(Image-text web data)
↓

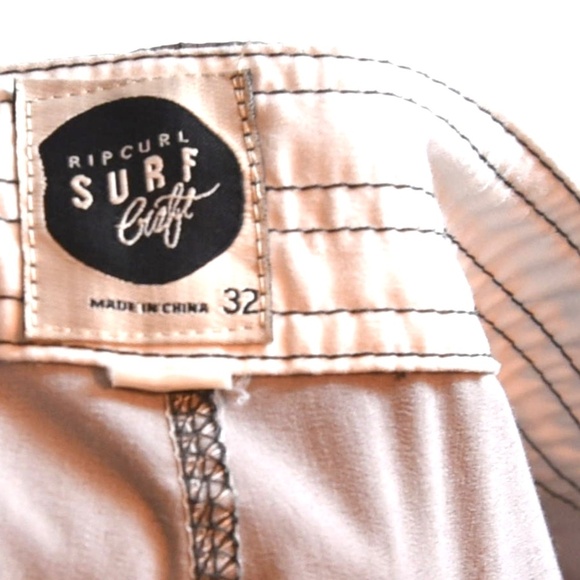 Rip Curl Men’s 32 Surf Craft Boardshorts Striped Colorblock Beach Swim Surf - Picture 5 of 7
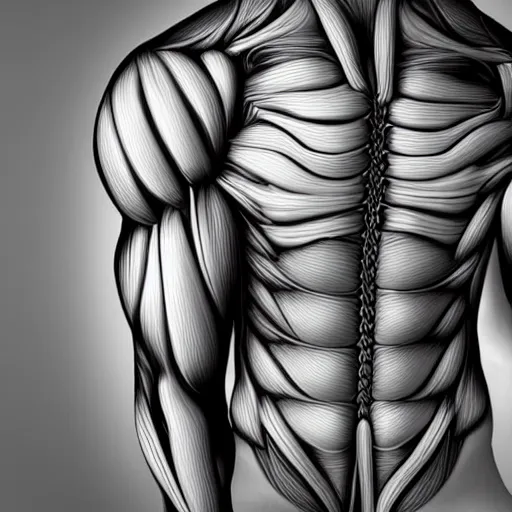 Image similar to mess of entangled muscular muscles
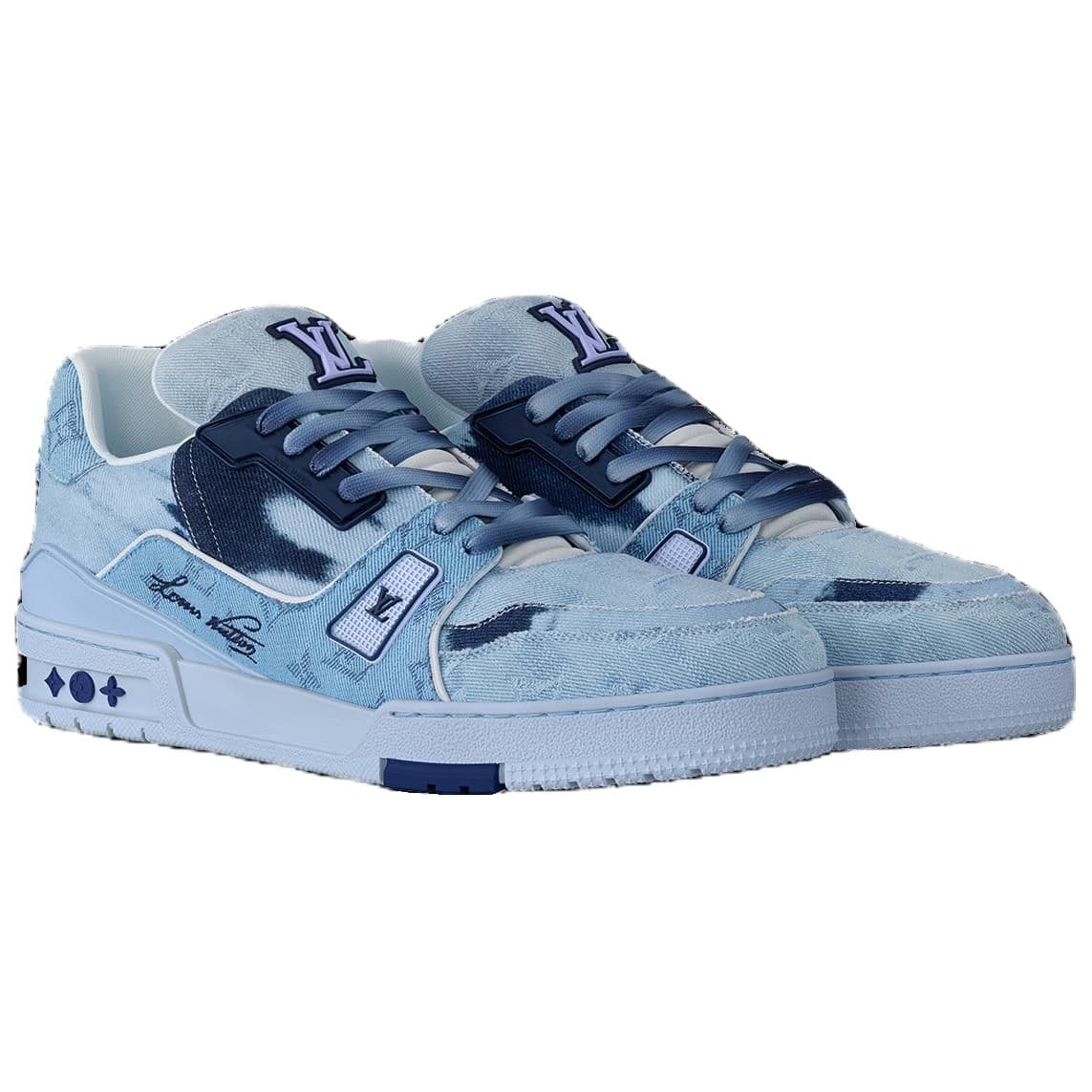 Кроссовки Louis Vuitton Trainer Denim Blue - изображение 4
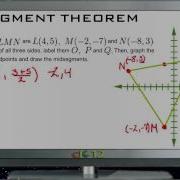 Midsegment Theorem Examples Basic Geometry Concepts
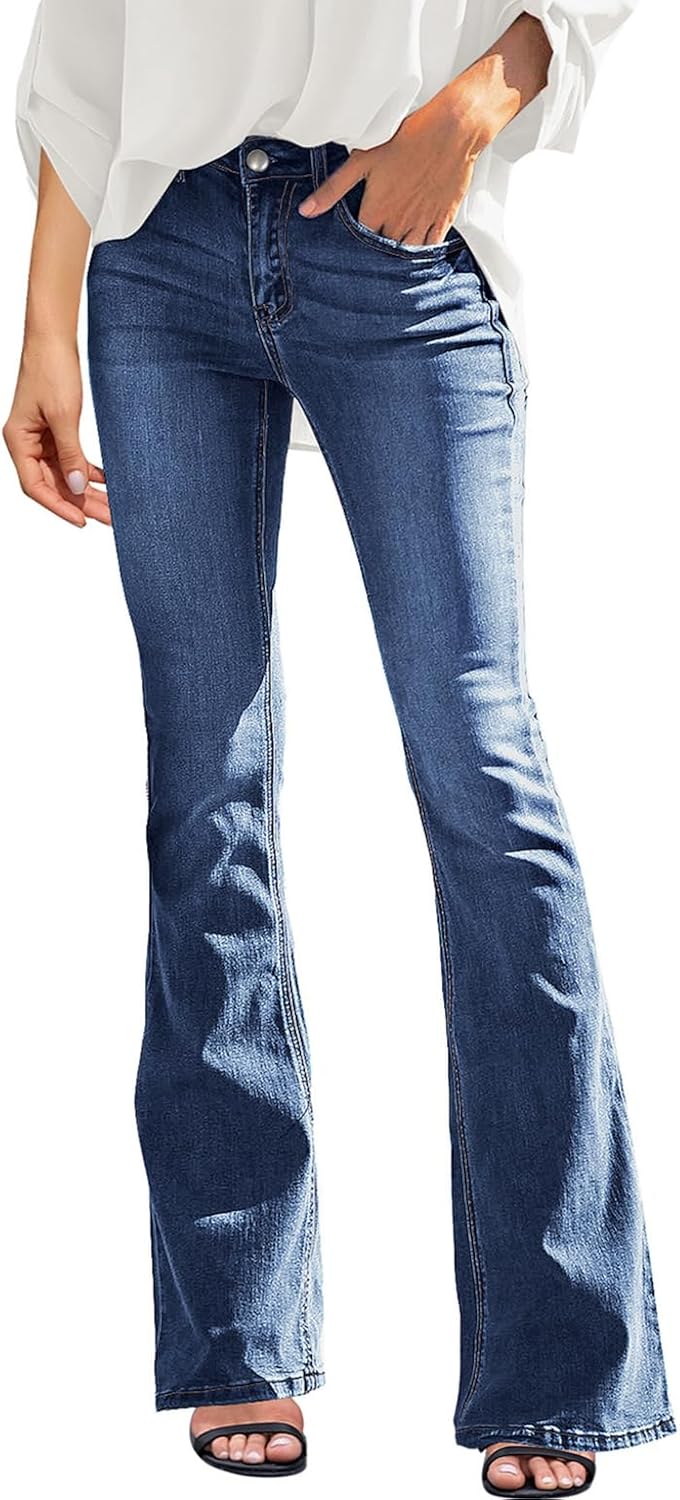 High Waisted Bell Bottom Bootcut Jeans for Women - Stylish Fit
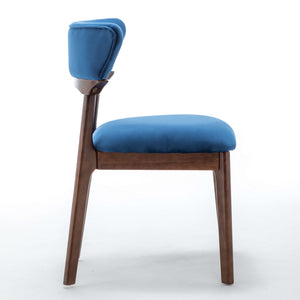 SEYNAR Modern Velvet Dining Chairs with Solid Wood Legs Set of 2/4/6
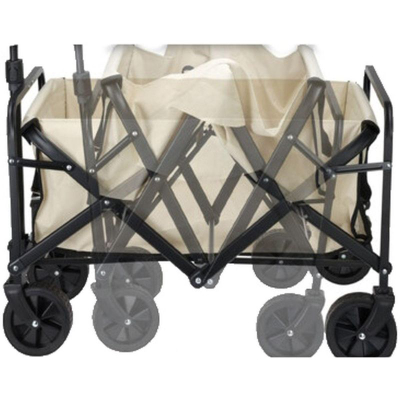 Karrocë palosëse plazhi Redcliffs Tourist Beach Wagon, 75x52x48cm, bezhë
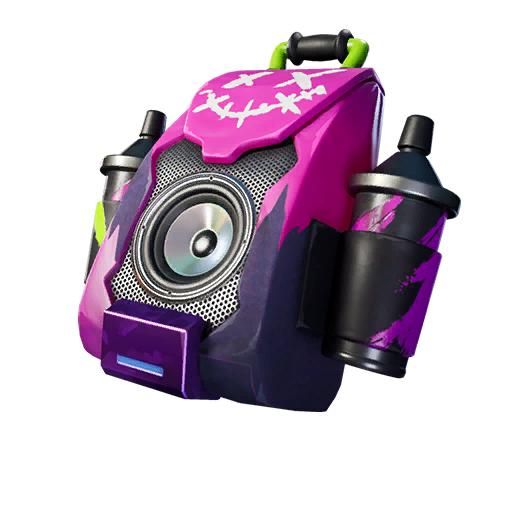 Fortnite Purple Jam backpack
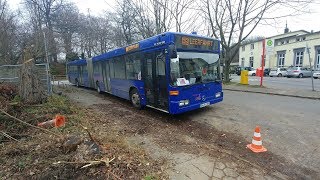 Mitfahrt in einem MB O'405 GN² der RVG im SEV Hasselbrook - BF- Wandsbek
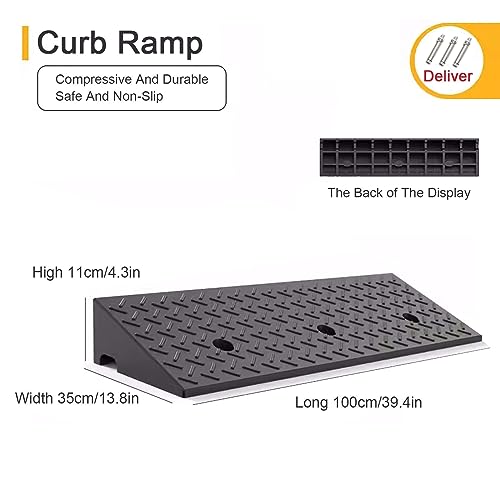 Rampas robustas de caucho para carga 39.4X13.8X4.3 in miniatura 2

↑
↓

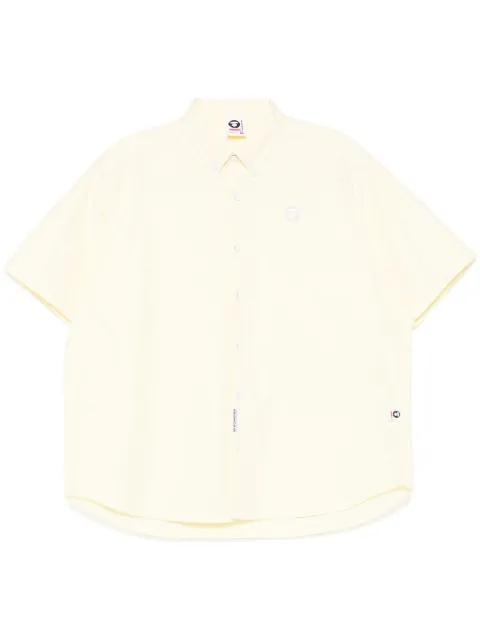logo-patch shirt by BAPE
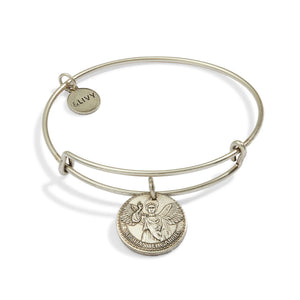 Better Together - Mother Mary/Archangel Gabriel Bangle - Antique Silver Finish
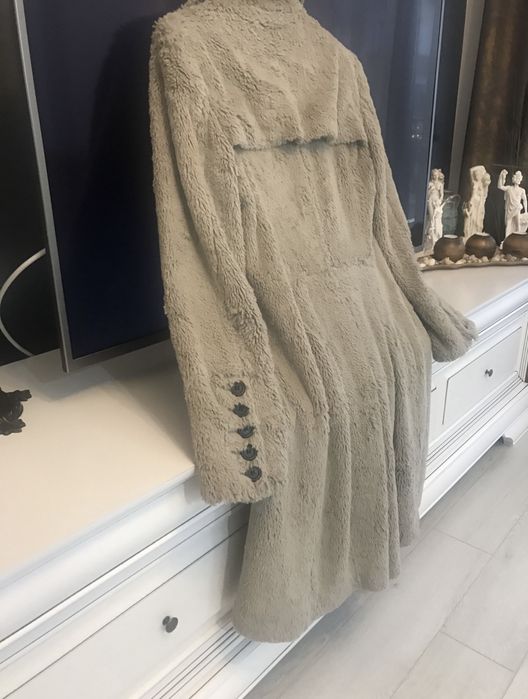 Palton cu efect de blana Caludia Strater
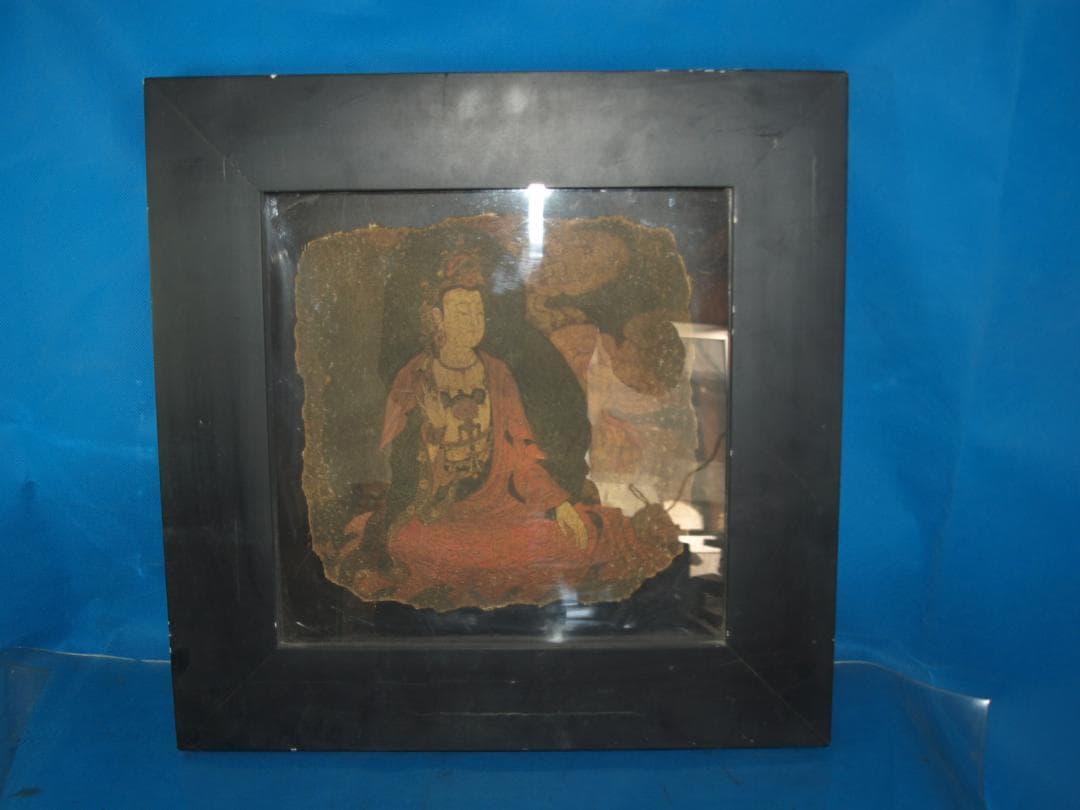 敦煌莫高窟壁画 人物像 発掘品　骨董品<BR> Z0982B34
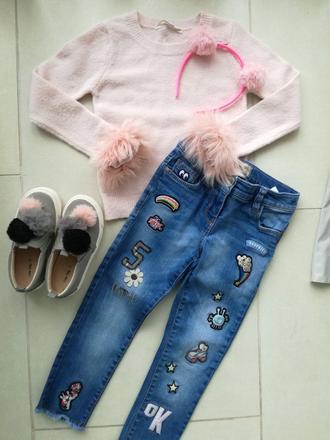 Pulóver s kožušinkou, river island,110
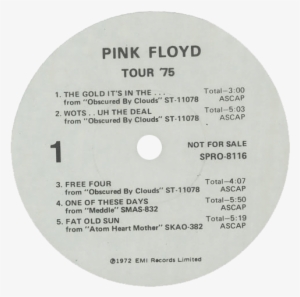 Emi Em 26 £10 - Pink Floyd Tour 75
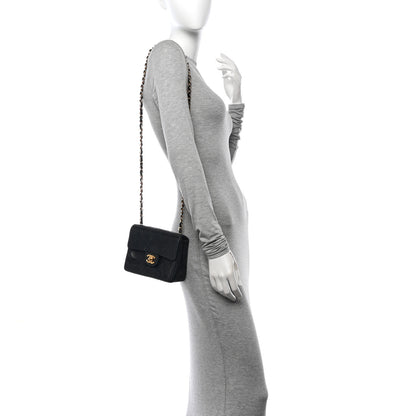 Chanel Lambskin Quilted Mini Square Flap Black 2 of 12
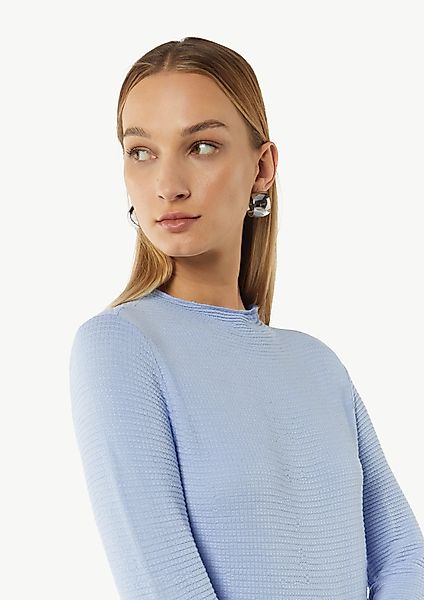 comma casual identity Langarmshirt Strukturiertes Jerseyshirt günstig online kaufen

↑

• [Task requirements]:
Starting at the line containing "Palton cu efect de blana Caludia Strater" and stopping at the line containing "comma casual identity", output every line above exactly, both ends included, with pictures omitted.

• [Finished exercise]:
 Palton cu efect de blana Caludia Strater
 敦煌莫高窟壁画 人物像 発掘品　骨董品<BR> Z0982B34
 Pulóver s kožušinkou, river island,110
 Emi Em 26 £10 - Pink Floyd Tour 75
 Chanel Lambskin Quilted Mini Square Flap Black 2 of 12
 comma casual identity Langarmshirt Strukturiertes Jerseyshirt günstig online kaufen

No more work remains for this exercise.